Agile working as a buzzword can sometimes feel a little worn out, especially now that just about every company is clamouring to be ‘more agile’. For it to be more than just boardroom talk, ‘agile working’ really comes down to a flexible approach in business strategy that doesn’t overcommit resources and time to a specific, too distant outcome.
Small steps, big gains
An iterative approach is often better. With data analytics at your fingertips, small and quick changes that can be measured for return on investment will help younger organisations catch up to their competitors. For established enterprises, the trick to re-discovering comes through the core values expressed by management, transparency in strategy and business conduct, and a sense of ownership over deliverables and outcomes. This will ultimately drive staff towards higher creative goals.
This can only be achieved if staff can truly be freed from automated work that is better done by computers. In order to future-proof your business, you’ll need to empower staff with digital technologies that not only help them do their current jobs better, but drive everyone to redefine what work is to them.
Innovating the future
Policy and process remain key elements in the strategic direction of any company, but in a more rapid data environment, innovation becomes a key metric by which to measure company success. Businesses need focus on providing more than an ‘alternative’ to their competitors.
While many of the leading tech companies might be seen as innovators, closer to home, we’re still behind the eight ball. According to the Australian Bureau of Statistics, less than half of all businesses in Australia identified as ‘innovation active’ in the 2015-2016 financial year.
How to define innovation
Innovation is about pioneering new methods, revolutionising existing paradigms, and changing the fundamental ways in which we do business.

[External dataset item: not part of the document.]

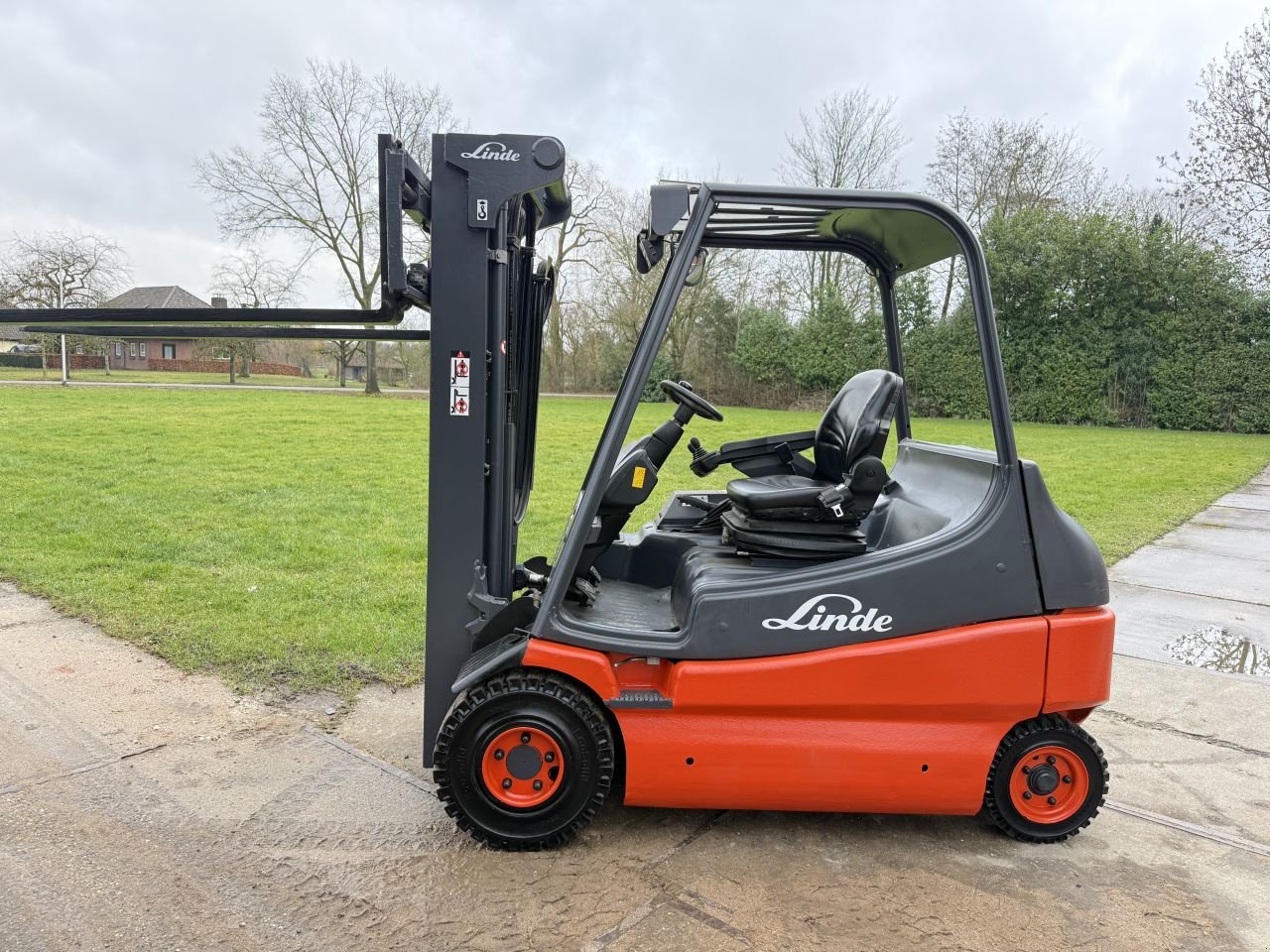 Frontstapler типа Sonstige Overige, Gebrauchtmaschine в Hoenzadriel (Фотография 1)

Innovation can be disruptive, coming about unexpectedly and turning an industry on its head (and leaving many companies in the dust), but it can also interative – a dynamic act that comes about through many small changes in technology and process.

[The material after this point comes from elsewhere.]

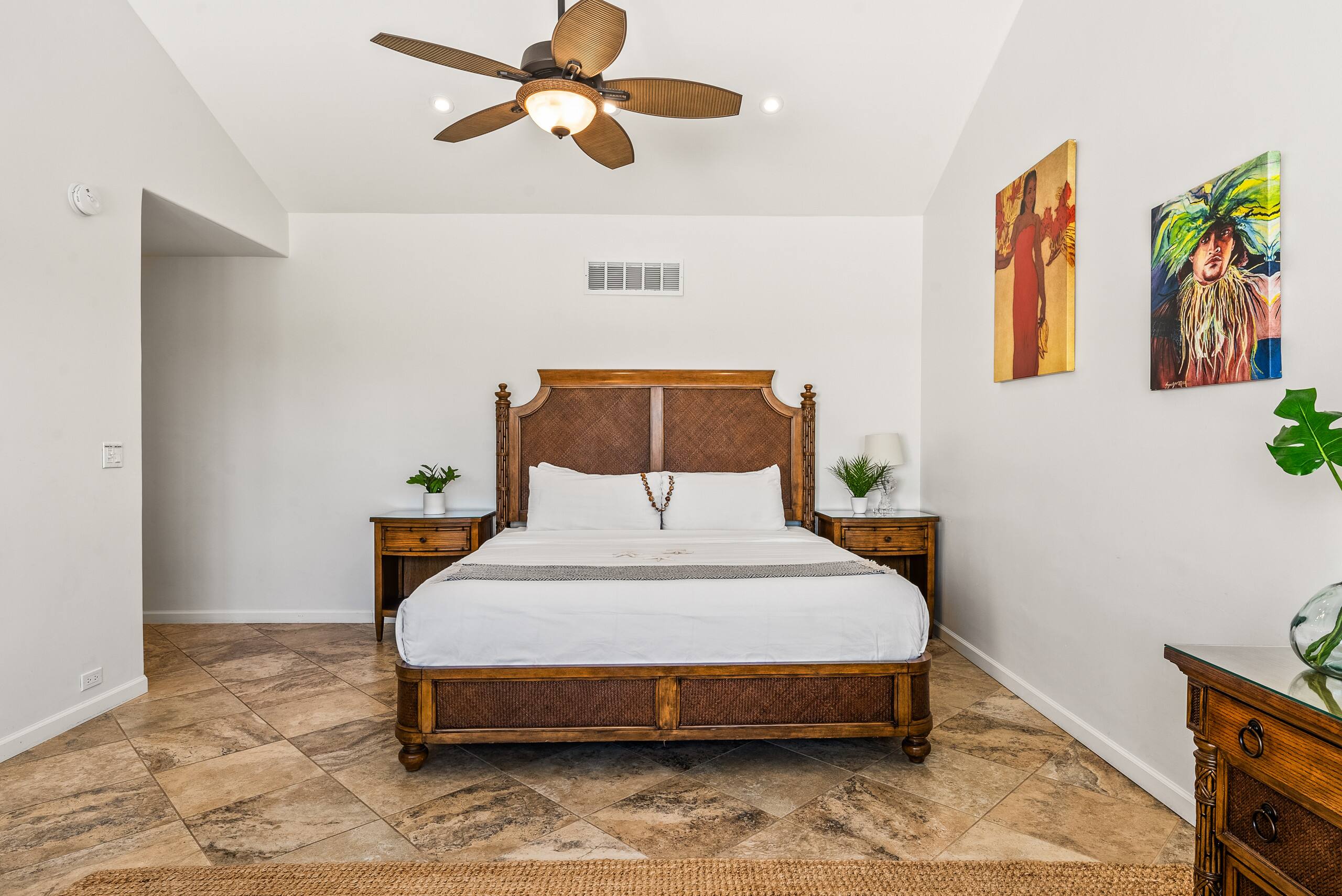 Condo in Lahaina · ★4.88 · 2 bedrooms · 3 beds · 2 baths - Image 19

Utilising people and technology for future-proofing success
Innovation is driven by people, but it’s people with the right access to technology (and a freedom to experiment) that generally innovate within a business. This can sometimes run counter to the general application of technology within an organisation, where the focus is not on experimentation but process and application. The ‘hacker’ mentality can work across many industries. It often takes a fresh perspective to see how existing functionality can be taken apart and put back together in new and interesting ways. While the right technologies are required to stay ahead of the curve, you’ll still need the right people and partners working with you for your business to flourish, both into 2020 and beyond.